Not too sure I would buy an acre anyway


----------



## dwndrgn (Feb 20, 2004)

They're even having a giveaway for some land on the moon.  Anyone know if this is possible?  I've no idea if anyone can own portions of the moon, much less who they would buy it from.  Funky.  If it's a scam, it's an interesting one at least!


----------



## riffraff (Feb 20, 2004)

who owns the moon anyway?  does anybody own it? I know the americans got there first, but isn't it like Antarctica- neutral ground for study.


----------



## JayJay (Feb 20, 2004)

Hey, I know a lot about these guys. They're actually a pretty cool organization. They pay for scholarships (my nephew at Georgia Inst of Tech got a big scholarship from them -- that's how I know about them), and they contribute money to space-exploration projects. They also once got the Intl Astronomical Union to remove the name of a Nazi war criminal from one of their craters.

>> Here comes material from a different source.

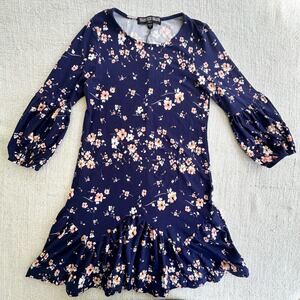 Three Pink Hearts Navy Floral Dress EUC M/10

http://www.lunarrepublic.com/news/media_080902_eppinger.shtml

Basically, this is how it works. You buy a "land claim" from them. They put a chunk of that money in a bank account. When that account gets big enough, they partner with a private company that wishes to land on the moon. In exchange for the money, the partner agrees to honor the land claims. In some ways its kinda like the old American west. So yeah, the whole thing is contingent upon them finding a partner ... but at least they're not a scam like that Dennis Hope jerk from the lunar embassy who thinks he owns the moon because he says so.  

http://www.geocities.com/moonsayles/

That guy is a scam artist. Lunar registry on the other hand looks legit. At least my nephew (with the smaller student loan thanks to them) thinks so!


----------



## Jayaprakash Satyamurthy (Feb 23, 2004)

Well this seems to explain the legality of it: http://www.lunarregistry.com/info/legal.shtml

It still seems like a lot of moonshine to me...


----------



## The Go Go Juice (Apr 3, 2019)

I’ve looked into these guys before. I don’t trust them. Lunar Registry looks to be super fake, that Jay Jay answer above sounds like a total fake entry, probably works for lunar registry. I doubt any of them can really sell the moon.  If you are really interested look for whichever company was the first with the idea. Worse case scenario you end up with this generations “pet rock”.


----------



## Lumens (Apr 3, 2019)

I'd like to buy land on the sun instead. I think it will have a bright future.

Edit: Necro thread revival deluxe.


----------